During this time the reader says she paid the bond and also took care of other expenses relating to the property. When she was retrenched at one stage she paid her retirement fund benefits into the bond.
There was never any agreement relating to the division of the property and the ex-husband is now claiming half of its value.
See the reader’s question here.
When a couple are married in community of property they become owners of each asset forming part of the joint estate in undivided half shares.
This means that if there are four chairs each owns an undivided half share in each chair and it’s not the case that two chairs belong to the one spouse and two to the other.
In the event of divorce there is usually some agreement as to how assets are divided between the parties.
In the absence of such an agreement, the parties simply remain joint owners of each and every asset.
A house is no different.

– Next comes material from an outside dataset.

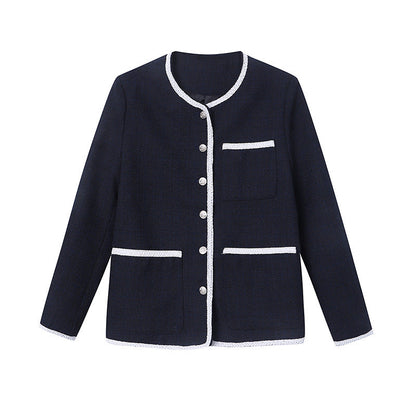 Damen Blazerjacke mit Dekorativen Knöpfen und Kontrasttaschen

For the 17 years since the divorce they have remained joint owners of the property with responsibility for its maintenance and other costs.
There are various ways of resolving this problem, one being that the one owner may offer to buy the other’s interest at a market-related price.
But if the reader believes she contributed more than her share of the expenses she may argue that her claim against her ex-husband for his half share of the expenses be calculated into the purchase price.
Another option is to sell the property to a third party, with the proceeds split fifty-fifty.
The reader may institute a claim against her ex-husband over contributions she has made in terms of expenses and bond payments, but it is difficult to know if she will be successful.
For instance, he may claim that she has donated her contributions, especially if the issue was never raised and terms of repayment were not discussed.
Unfortunately these types of arrangements are very seldom recorded and only once there is conflict does the basis upon which the arrangement rested come into question.
The importance of a comprehensive written agreement in respect of jointly owned property cannot be stressed enough.
When a situation suits both parties, there is typically little or no problem, but a change in circumstances of one or both parties will often lead to friction and possible litigation.